» **What you need to do**
If a line in the listing below includes the word "with", pick it out.

» **The records**
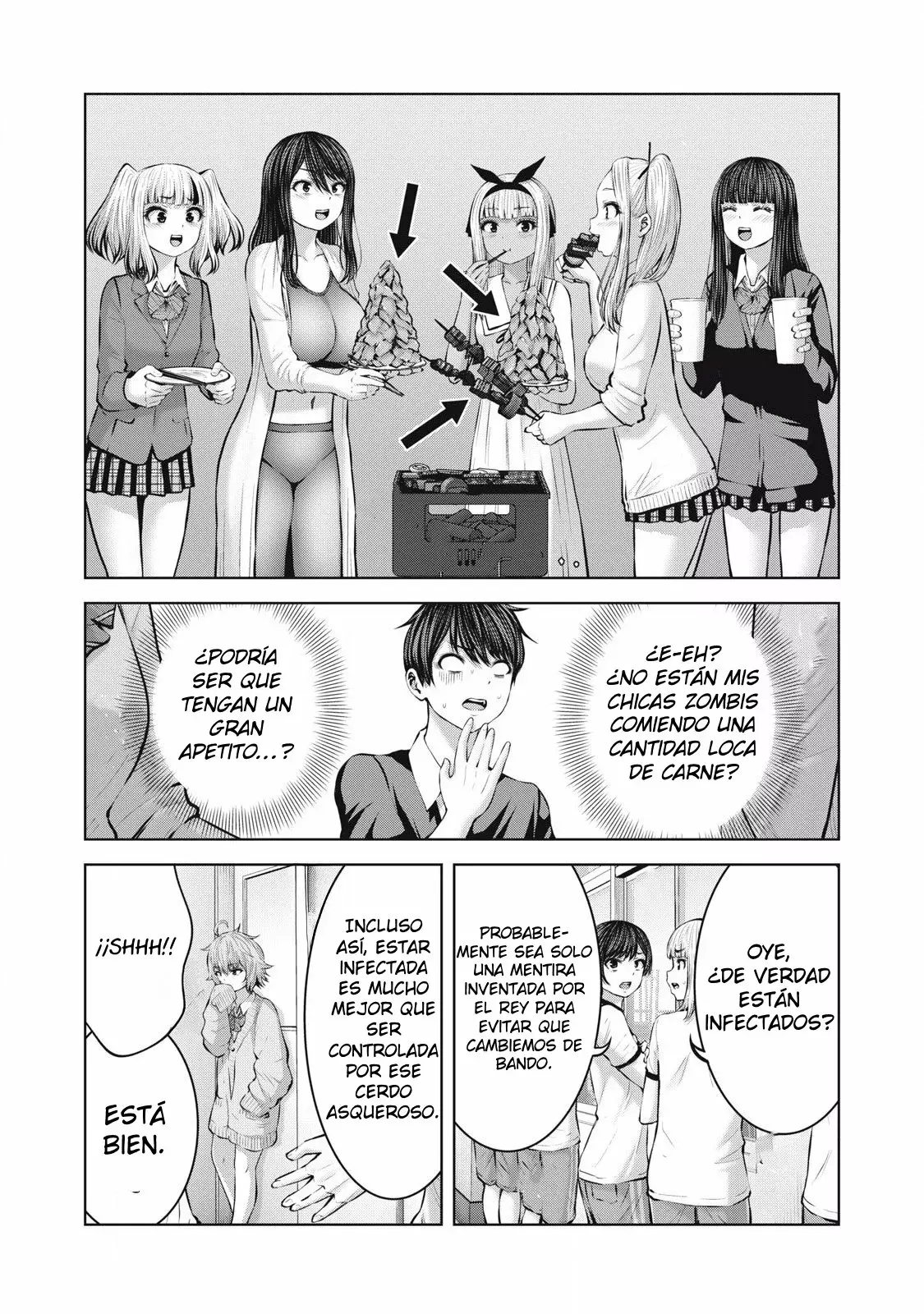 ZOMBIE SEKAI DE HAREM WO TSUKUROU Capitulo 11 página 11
...
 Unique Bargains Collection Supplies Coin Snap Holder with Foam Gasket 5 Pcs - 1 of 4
...
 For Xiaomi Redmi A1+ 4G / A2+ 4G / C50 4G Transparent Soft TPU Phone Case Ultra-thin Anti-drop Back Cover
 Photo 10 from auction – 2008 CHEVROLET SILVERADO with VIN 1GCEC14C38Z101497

» **Response to the exercise**
 Unique Bargains Collection Supplies Coin Snap Holder with Foam Gasket 5 Pcs - 1 of 4
 Photo 10 from auction – 2008 CHEVROLET SILVERADO with VIN 1GCEC14C38Z101497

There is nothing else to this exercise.